Source data:
══════

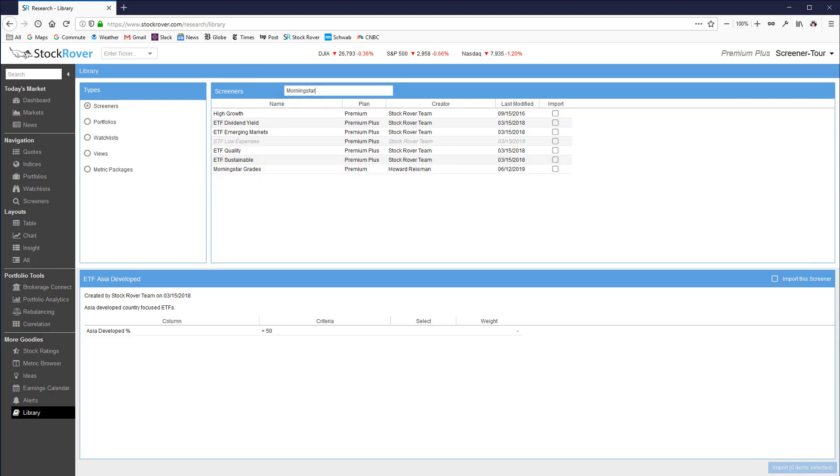We have a very powerful stock rating system within StockRover and there are a number of screeners in our library that will allow you to screen based on our ratings.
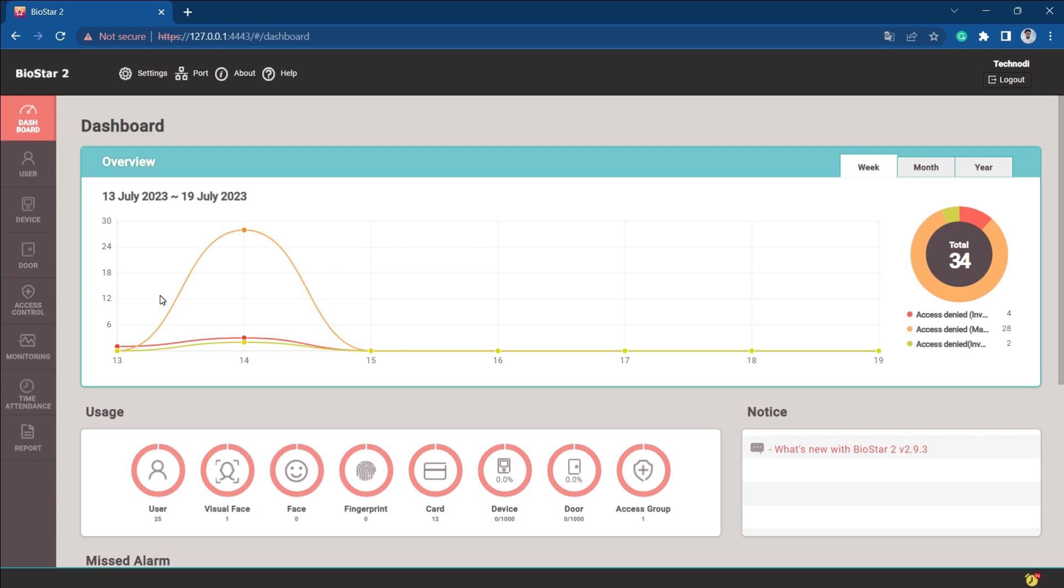That's it. This is what is all about multiple operator levels, or you can say multiple operator logins in Biostar 2. Stay tuned with us. See you in the next video.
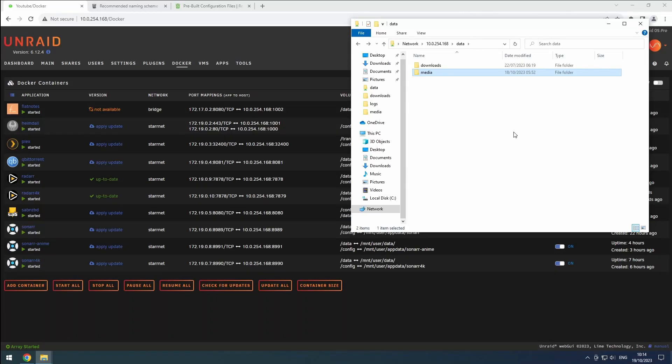Hey everyone, welcome back to the RiffSphere channel. In this video, we're going to configure our 4K instance of Radarr, the movie management tool.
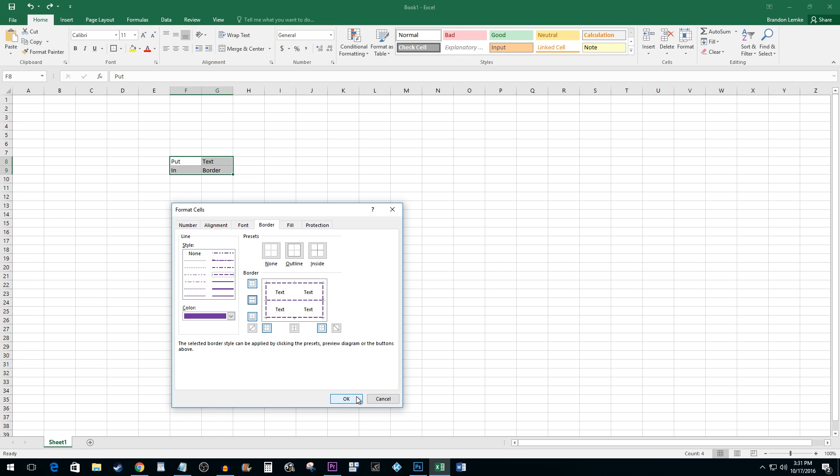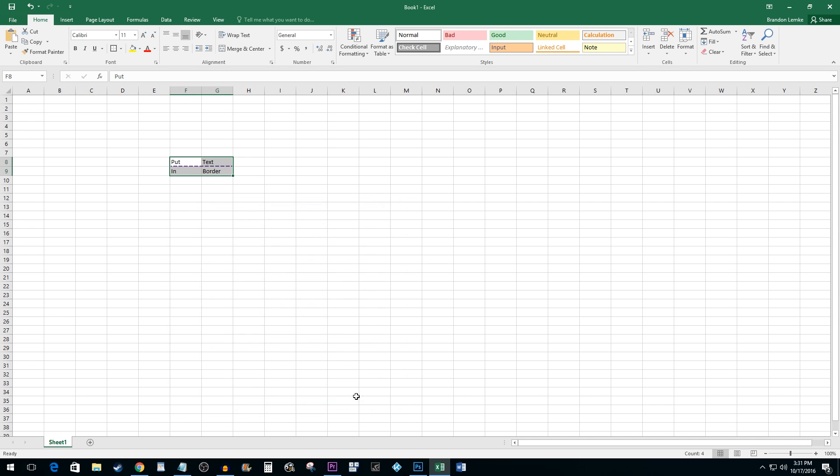Once you are finished, hit OK. And that's all there is to it. You now know how to add borders in Excel.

══════

Task to complete: Copy out every line of the data exactly, leaving the images behind.

Problem solution:
We have a very powerful stock rating system within StockRover and there are a number of screeners in our library that will allow you to screen based on our ratings.
That's it. This is what is all about multiple operator levels, or you can say multiple operator logins in Biostar 2. Stay tuned with us. See you in the next video.
Hey everyone, welcome back to the RiffSphere channel. In this video, we're going to configure our 4K instance of Radarr, the movie management tool.
Once you are finished, hit OK. And that's all there is to it. You now know how to add borders in Excel.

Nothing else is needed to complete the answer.